* _Try it_: Where the records below begin, start copying, and stop after the line that contains "For this tutorial, we're"; reproduce every line exactly but omit pictures.

Saved data entries:

————

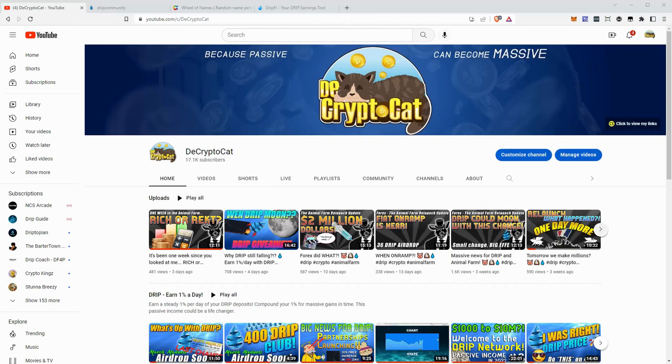Hey everybody, welcome back to the channel. This is Nick from The Crypto Cat, where we focus on DeFi and all other types of crypto passive income sources.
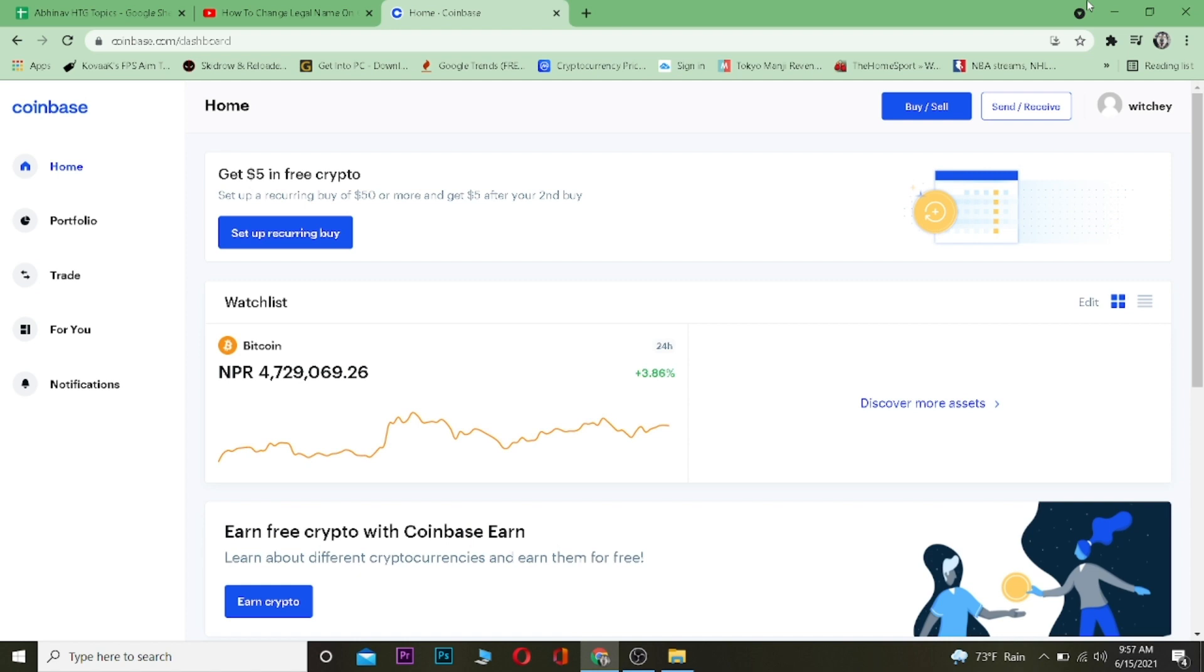If you guys want to sign up to Coinbase, you can use our referral link down in the description to get ten dollars free.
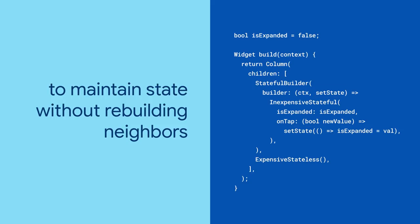Now when that onTap method is called and invokes setState, it's the setState scoped to your StatefulBuilder. This means your expensive stateless widget remains untouched.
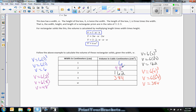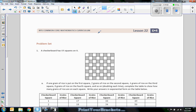What we're doing is taking W centimeters times 2W centimeters times 3W centimeters, which equals 6W cubed cubic centimeters. That's the end of lesson 22. Go do your problems. Thank you.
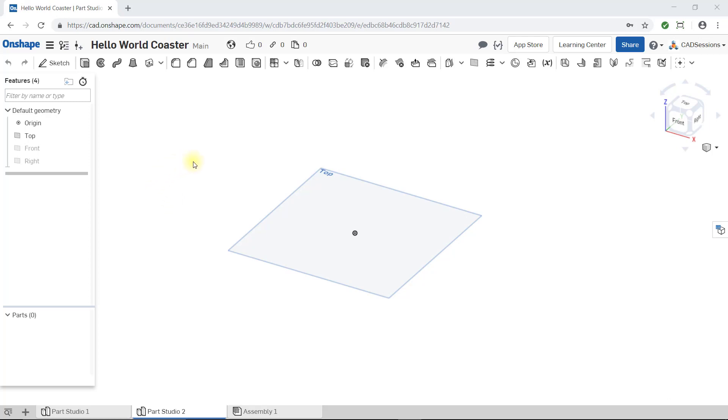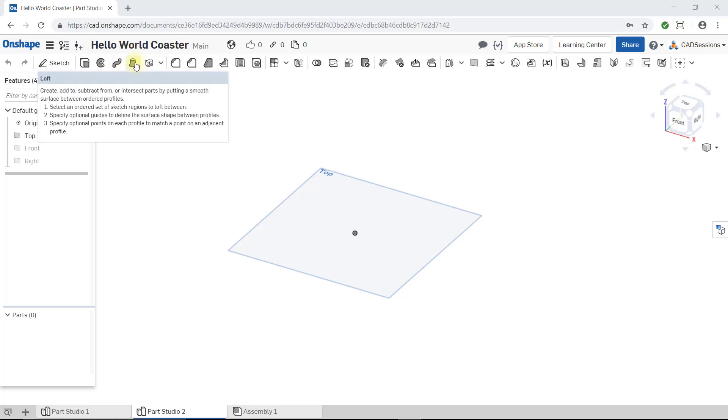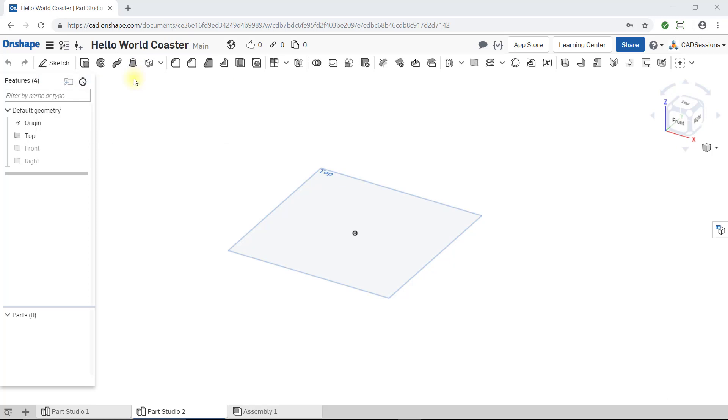Anytime you hover your cursor over any button or sketch tool, first its name will appear, and after another second or two, if you hold your cursor at the same spot, a list of steps for using that tool or feature will be displayed.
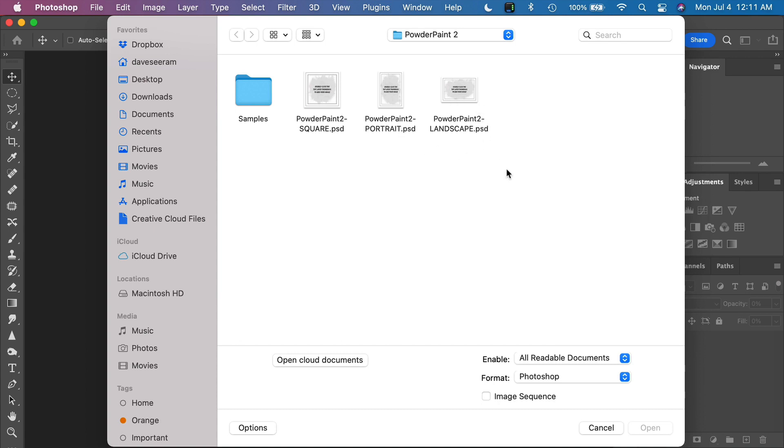For this tutorial, we're going to use the landscape orientation. So click on that and click Open.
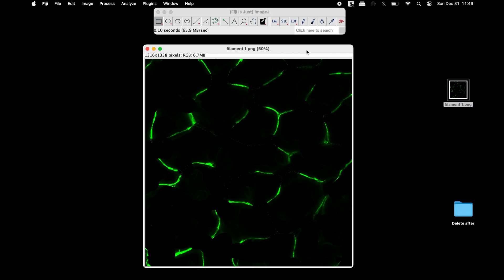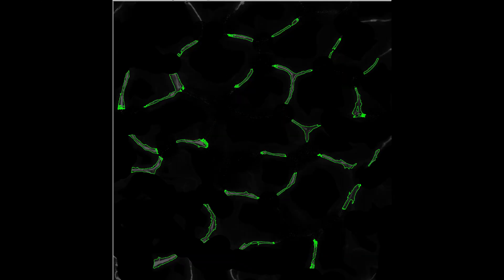To count the number of filaments and measure their areas, a macro can be used.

————

* _Finished task_:
Hey everybody, welcome back to the channel. This is Nick from The Crypto Cat, where we focus on DeFi and all other types of crypto passive income sources.
If you guys want to sign up to Coinbase, you can use our referral link down in the description to get ten dollars free.
Now when that onTap method is called and invokes setState, it's the setState scoped to your StatefulBuilder. This means your expensive stateless widget remains untouched.
What we're doing is taking W centimeters times 2W centimeters times 3W centimeters, which equals 6W cubed cubic centimeters. That's the end of lesson 22. Go do your problems. Thank you.
Anytime you hover your cursor over any button or sketch tool, first its name will appear, and after another second or two, if you hold your cursor at the same spot, a list of steps for using that tool or feature will be displayed.
For this tutorial, we're going to use the landscape orientation. So click on that and click Open.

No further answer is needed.